ProShares Trust II reported its financial results for the period ending September 30, 2024, highlighting significant changes in revenue, profitability, and strategic developments compared to the previous fiscal period.

As of September 30, 2024, total assets increased to $368.3 million from $283.4 million at the end of 2023. Shareholders' equity also rose to $364.6 million, up from $267.2 million. However, the net asset value (NAV) per share decreased to $50.16 from $51.69. The number of shares outstanding increased to 7.3 million from 5.2 million, reflecting a 40.6% rise in shares compared to the previous nine-month period.

Investment income for the three months ended September 30, 2024, was reported at $5.8 million, while for the nine months, it totaled $12.6 million. Total expenses for the three months were $1.5 million, leading to a net investment income of $4.3 million.

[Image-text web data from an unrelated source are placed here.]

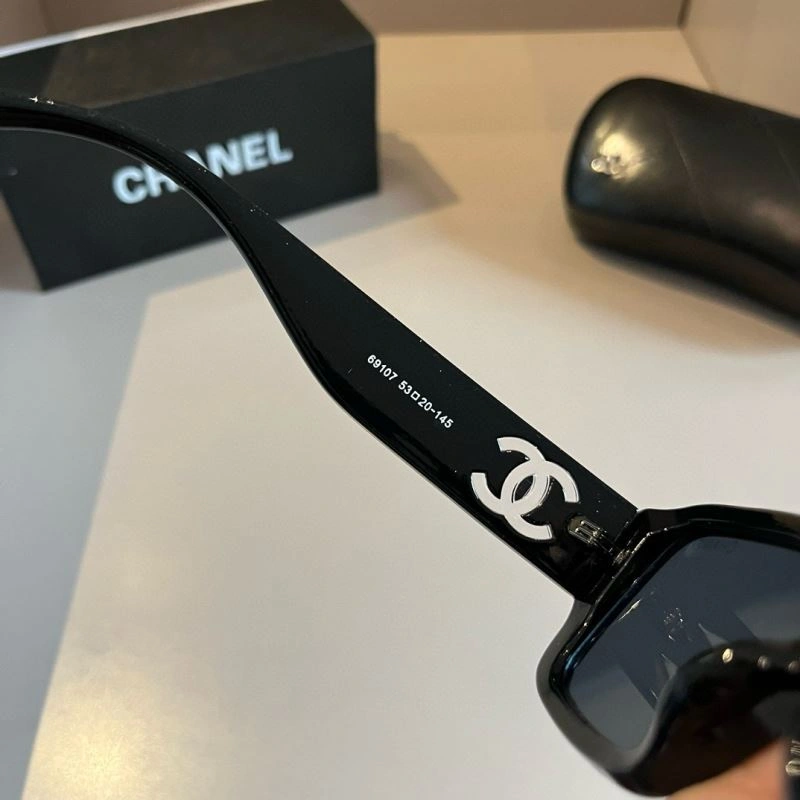 Sleek Chanel Sunglasses 278275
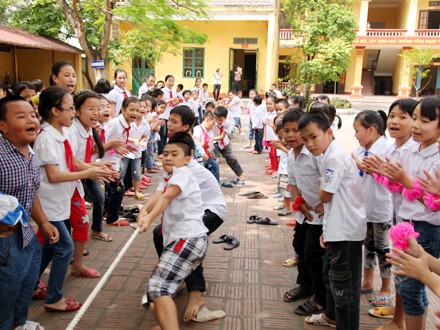 5 ปีการปฏิบัติขบวนการแข่งขัน “สร้างสรรค์โรงเรียนที่เป็นมิตรและนักเรียนมีส่วนร่วมอย่างเข้มแข็ง” - ảnh 1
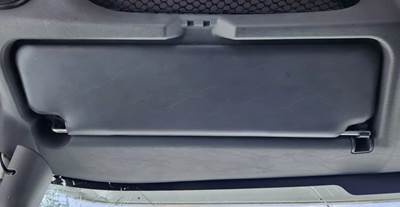 International RH613 Sun Visor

In contrast, the net income for the three months ended September 30, 2024, was a loss of $7.4 million, compared to a net income of $5.8 million for the same period in 2023. For the nine months, net income was $44 million, down from $116.6 million in the previous year.

The ProShares Ultra Bloomberg Natural Gas Fund executed a 1-for-20 reverse share split on June 22, 2023, and a 2-for-1 forward split on April 10, 2024. The ProShares Short VIX Short-Term Futures ETF also executed a 2-for-1 forward split on April 10, 2024. These actions were retroactively applied, affecting the number of shares outstanding and the price per share without changing the aggregate net asset value.

The Trust identified a material weakness in its internal controls over financial reporting, specifically regarding the presentation and disclosure of segregated cash balances with brokers for futures contracts. This led to restatements of financial statements for several periods, including the years ended December 31, 2021, 2022, and 2023.

Overall, while the Trust experienced growth in total assets and shareholders' equity, it faced challenges in profitability, particularly in net income, which saw a significant decline compared to the previous fiscal period. The strategic adjustments, including share splits and internal control improvements, reflect ongoing efforts to enhance operational efficiency and financial reporting accuracy.